> **THE PROBLEM**: Write the entries out again in full and unchanged, dropping every image.

*** Opening of EXERCISE INPUT ***

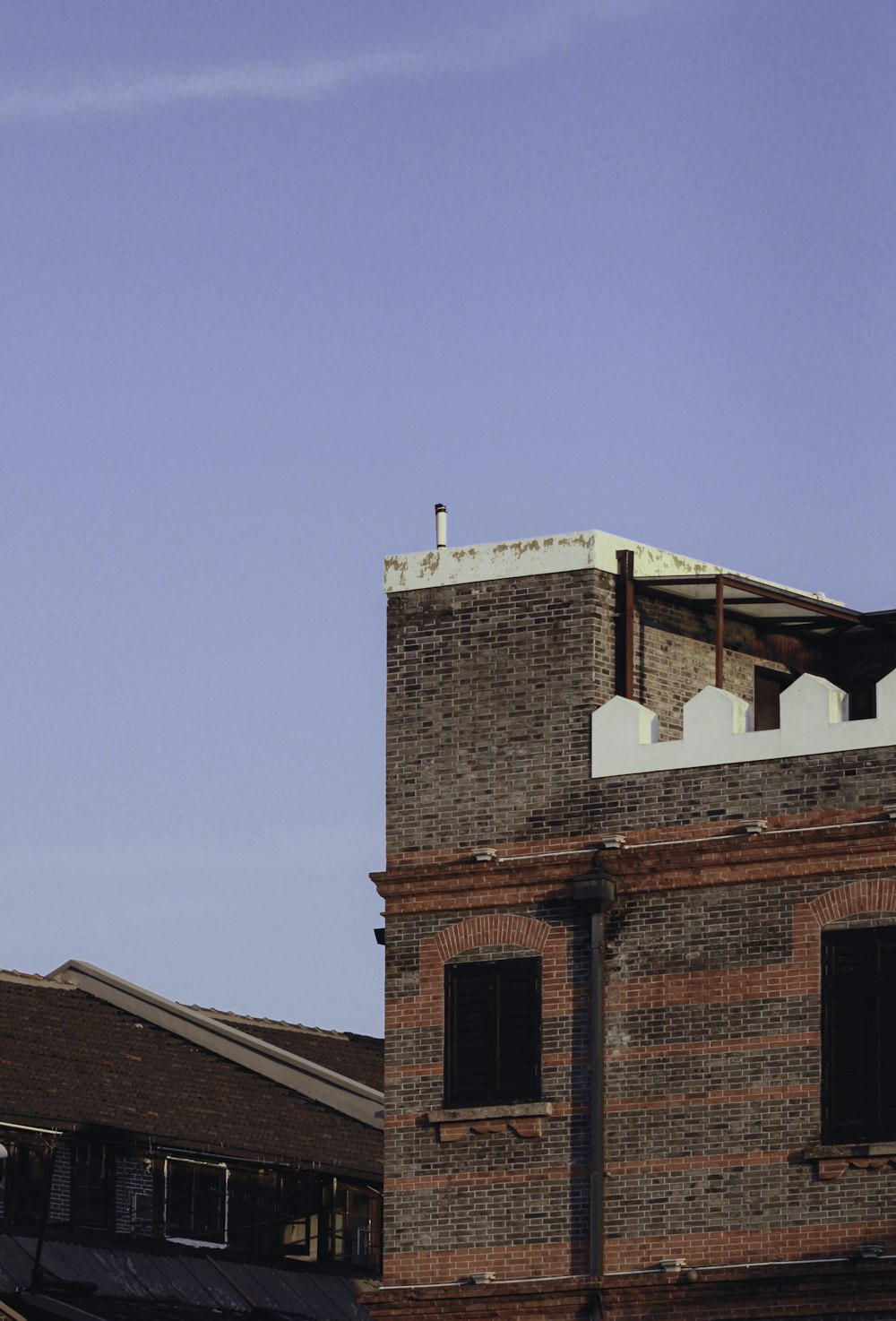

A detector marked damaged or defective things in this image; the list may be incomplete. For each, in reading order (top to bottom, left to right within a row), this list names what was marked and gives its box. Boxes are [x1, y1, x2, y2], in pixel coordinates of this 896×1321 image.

peeling white paint [383, 527, 831, 599]
peeling white paint [591, 670, 896, 774]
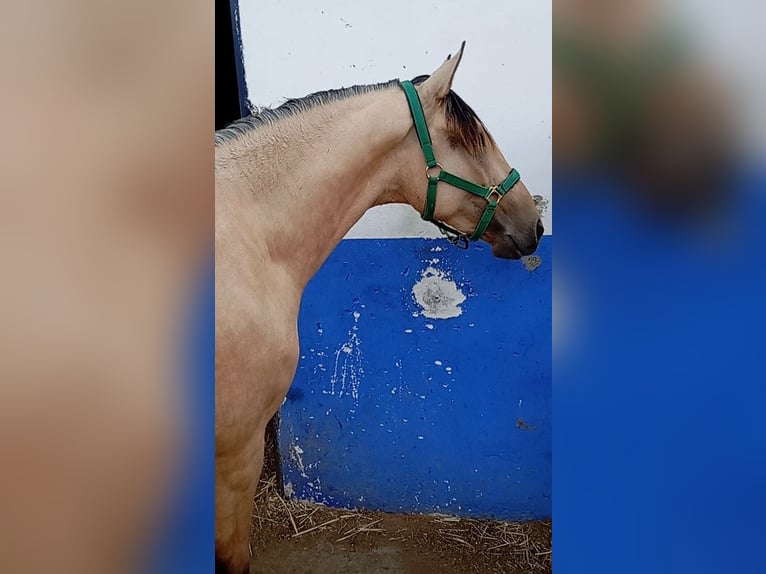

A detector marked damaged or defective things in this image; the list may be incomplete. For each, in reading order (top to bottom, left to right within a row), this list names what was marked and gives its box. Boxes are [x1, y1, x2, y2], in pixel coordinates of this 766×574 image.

peeling paint [414, 268, 468, 322]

*** Close of EXERCISE INPUT ***

> **TASK ANSWER**:
A detector marked damaged or defective things in this image; the list may be incomplete. For each, in reading order (top to bottom, left to right within a row), this list names what was marked and gives its box. Boxes are [x1, y1, x2, y2], in pixel coordinates of this 896×1321 image.

peeling white paint [383, 527, 831, 599]
peeling white paint [591, 670, 896, 774]

A detector marked damaged or defective things in this image; the list may be incomplete. For each, in reading order (top to bottom, left to right within a row), this list names what was marked and gives its box. Boxes are [x1, y1, x2, y2], in pixel coordinates of this 766×574 image.

peeling paint [414, 268, 468, 322]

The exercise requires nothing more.